GR 252198; (April, 2021) (Digest)
G.R. No. 252198 , April 27, 2021
SECURITIES AND EXCHANGE COMMISSION, PETITIONER, VS. COMMISSION ON AUDIT, RESPONDENT.
FACTS
Petitioner Securities and Exchange Commission (SEC) established a provident fund for its officials and employees pursuant to the Securities Regulation Code (SRC). Through SEC-EXS Resolution No. 144, Series of 2003, the SEC En Banc approved a 15% increase of its counterpart contribution to the provident fund, sourced from its retained income under Section 75 of the SRC, with employees contributing 3% from their salaries. The SEC relied on a Department of Budget and Management (DBM) Letter dated August 19, 2004, stating that the utilization of retained income was left to the discretion of the Commission. Subsequently, SEC-EXS Resolution No. 137, series of 2004, approved the annual allocation of its provident fund contribution from its retained income starting 2004. In Fiscal Year 2010, the SEC disbursed P19,723,444.66 from its retained income as its counterpart contribution to the provident fund.
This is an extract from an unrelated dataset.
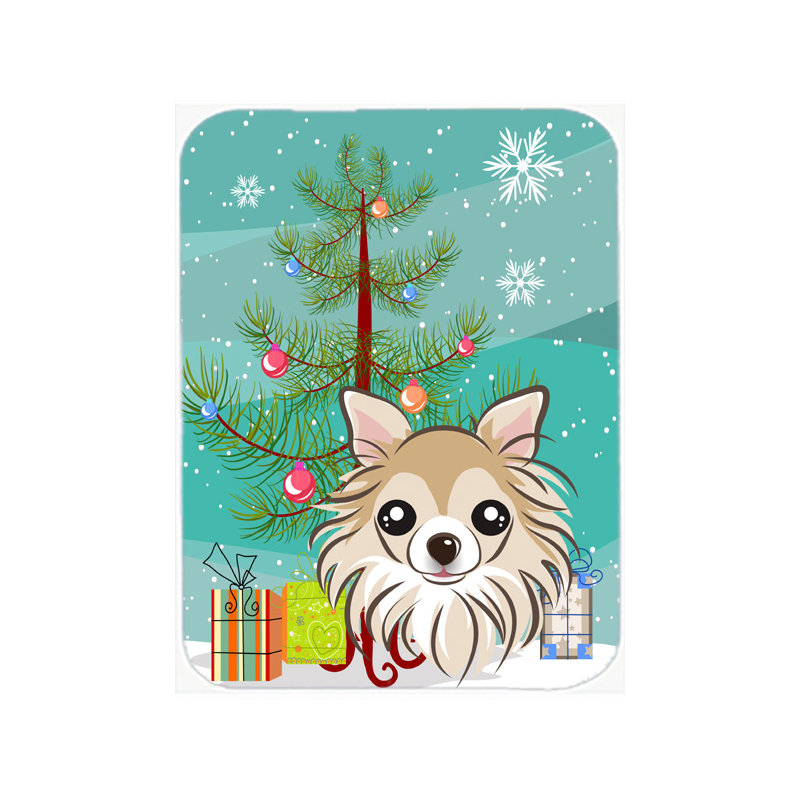 Planche à découper en verre caroline et chihuahua Under the Christmas Tree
The Commission on Audit (COA), through Notice of Disallowance No. 11-003-101-(10) dated December 10, 2011, disallowed this disbursement on the grounds that: (a) the use of retained income for personnel benefits was not in accord with the Special Provisions for the SEC in the General Appropriations Act for FY 2010, which limited its use to augmenting Maintenance and Other Operating Expenses (MOOE) and Capital Outlay (CO); (b) the grant of personnel benefits without specific appropriation was unauthorized under Presidential Decree No. 1177; and (c) the compensation plan, though comparable to other financial institutions, required approval of the Office of the President. The SEC appealed to the COA National Government Sector, which affirmed the disallowance. The COA Commission Proper, in Decision No. 2018-010 and Resolution No. 2020-180, sustained the disallowance and held the approving, certifying, and authorizing officers solidarily liable for the return of the entire amount. The SEC filed this Petition for Certiorari.
ISSUE
Whether the Commission on Audit committed grave abuse of discretion in affirming the disallowance of the SEC’s payment of contribution to the provident fund for its officers and employees, sourced from its retained income, and in holding the approving officers solidarily liable.
RULING
The Supreme Court DISMISSED the petition and AFFIRMED the Commission on Audit’s Decision No. 2018-010 and Resolution No. 2020-180. The Court held that the COA did not commit grave abuse of discretion. The disallowance was proper because the use of the SEC’s retained income for provident fund contributions violated the specific limitation under the Special Provisions of the General Appropriations Act for Fiscal Year 2010, which authorized the use of retained income solely to augment the MOOE and CO requirements of the Commission. The Court ruled that the SEC’s retained income, although an “off-budget” account, is still subject to the conditions imposed by law, including the annual appropriations act. The Court further held that the approving officers acted in good faith but were negligent in failing to observe the specific statutory limitation. Consequently, they are not liable to return the disallowed amount, provided that the payee-employees who received the benefits in good faith shall refund the amounts they received. The Court modified the liability, ordering the payee-employees to return the disallowed amounts they received, while the approving officers are not solidarily liable.